Report every line of the records below that contains the word "unique".

Records from a data source:
BEGIN

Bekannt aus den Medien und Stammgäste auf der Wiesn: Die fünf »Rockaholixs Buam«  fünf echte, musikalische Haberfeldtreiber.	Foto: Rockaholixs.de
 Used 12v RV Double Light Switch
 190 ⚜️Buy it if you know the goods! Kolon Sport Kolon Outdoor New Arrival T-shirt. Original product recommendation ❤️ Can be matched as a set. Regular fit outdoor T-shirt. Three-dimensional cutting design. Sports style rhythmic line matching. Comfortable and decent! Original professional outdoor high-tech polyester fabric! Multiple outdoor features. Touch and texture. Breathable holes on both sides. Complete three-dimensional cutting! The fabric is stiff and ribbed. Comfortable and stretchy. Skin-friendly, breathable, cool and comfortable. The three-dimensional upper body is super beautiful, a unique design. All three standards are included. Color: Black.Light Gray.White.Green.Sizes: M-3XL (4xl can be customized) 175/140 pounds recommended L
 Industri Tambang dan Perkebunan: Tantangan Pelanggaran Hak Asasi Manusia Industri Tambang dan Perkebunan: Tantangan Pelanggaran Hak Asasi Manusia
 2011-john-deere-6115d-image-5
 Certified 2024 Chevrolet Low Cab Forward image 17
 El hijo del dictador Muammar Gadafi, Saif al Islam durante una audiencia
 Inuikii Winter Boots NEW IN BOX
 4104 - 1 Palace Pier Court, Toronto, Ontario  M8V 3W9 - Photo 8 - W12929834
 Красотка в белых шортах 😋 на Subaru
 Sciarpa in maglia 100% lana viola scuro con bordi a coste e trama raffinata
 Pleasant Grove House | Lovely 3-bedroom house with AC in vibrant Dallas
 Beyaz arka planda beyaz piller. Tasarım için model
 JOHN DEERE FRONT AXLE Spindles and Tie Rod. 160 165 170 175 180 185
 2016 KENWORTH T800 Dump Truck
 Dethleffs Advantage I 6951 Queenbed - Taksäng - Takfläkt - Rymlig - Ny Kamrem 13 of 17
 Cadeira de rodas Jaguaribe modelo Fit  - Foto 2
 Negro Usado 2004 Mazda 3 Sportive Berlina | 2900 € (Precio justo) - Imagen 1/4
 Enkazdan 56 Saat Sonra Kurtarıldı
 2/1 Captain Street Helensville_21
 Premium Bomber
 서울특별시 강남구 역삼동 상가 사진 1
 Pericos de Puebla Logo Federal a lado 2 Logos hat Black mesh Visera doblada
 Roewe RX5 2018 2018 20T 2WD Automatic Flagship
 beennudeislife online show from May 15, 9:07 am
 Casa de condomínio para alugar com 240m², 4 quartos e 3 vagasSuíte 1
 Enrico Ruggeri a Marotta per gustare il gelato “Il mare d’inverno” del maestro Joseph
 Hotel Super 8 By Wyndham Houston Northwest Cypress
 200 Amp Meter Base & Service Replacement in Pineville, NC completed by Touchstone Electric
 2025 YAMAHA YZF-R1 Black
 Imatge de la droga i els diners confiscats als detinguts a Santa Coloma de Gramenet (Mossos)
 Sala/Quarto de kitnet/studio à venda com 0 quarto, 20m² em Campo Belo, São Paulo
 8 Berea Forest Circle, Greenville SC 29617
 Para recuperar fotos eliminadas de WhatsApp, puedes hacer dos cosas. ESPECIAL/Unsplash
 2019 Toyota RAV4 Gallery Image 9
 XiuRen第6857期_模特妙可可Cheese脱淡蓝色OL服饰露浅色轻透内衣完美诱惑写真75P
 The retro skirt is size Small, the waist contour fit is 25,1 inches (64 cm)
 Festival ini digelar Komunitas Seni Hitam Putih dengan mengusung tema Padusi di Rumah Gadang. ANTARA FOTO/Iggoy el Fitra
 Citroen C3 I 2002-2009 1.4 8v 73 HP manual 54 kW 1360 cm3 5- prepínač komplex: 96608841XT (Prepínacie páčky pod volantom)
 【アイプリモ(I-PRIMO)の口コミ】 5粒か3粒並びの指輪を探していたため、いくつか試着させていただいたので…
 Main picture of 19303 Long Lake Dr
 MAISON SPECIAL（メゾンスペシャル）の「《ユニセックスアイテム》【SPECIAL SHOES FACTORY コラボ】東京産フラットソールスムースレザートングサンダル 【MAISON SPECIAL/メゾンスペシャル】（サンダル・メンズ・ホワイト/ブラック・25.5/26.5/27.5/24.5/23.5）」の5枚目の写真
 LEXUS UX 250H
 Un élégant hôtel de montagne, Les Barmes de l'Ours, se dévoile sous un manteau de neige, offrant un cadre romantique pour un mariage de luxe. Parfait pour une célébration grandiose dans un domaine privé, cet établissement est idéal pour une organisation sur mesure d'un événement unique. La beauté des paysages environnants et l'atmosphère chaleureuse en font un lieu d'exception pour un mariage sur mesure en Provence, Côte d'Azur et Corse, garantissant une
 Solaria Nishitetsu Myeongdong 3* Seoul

END

- _TASK OUTPUT_:
 190 ⚜️Buy it if you know the goods! Kolon Sport Kolon Outdoor New Arrival T-shirt. Original product recommendation ❤️ Can be matched as a set. Regular fit outdoor T-shirt. Three-dimensional cutting design. Sports style rhythmic line matching. Comfortable and decent! Original professional outdoor high-tech polyester fabric! Multiple outdoor features. Touch and texture. Breathable holes on both sides. Complete three-dimensional cutting! The fabric is stiff and ribbed. Comfortable and stretchy. Skin-friendly, breathable, cool and comfortable. The three-dimensional upper body is super beautiful, a unique design. All three standards are included. Color: Black.Light Gray.White.Green.Sizes: M-3XL (4xl can be customized) 175/140 pounds recommended L
 Un élégant hôtel de montagne, Les Barmes de l'Ours, se dévoile sous un manteau de neige, offrant un cadre romantique pour un mariage de luxe. Parfait pour une célébration grandiose dans un domaine privé, cet établissement est idéal pour une organisation sur mesure d'un événement unique. La beauté des paysages environnants et l'atmosphère chaleureuse en font un lieu d'exception pour un mariage sur mesure en Provence, Côte d'Azur et Corse, garantissant une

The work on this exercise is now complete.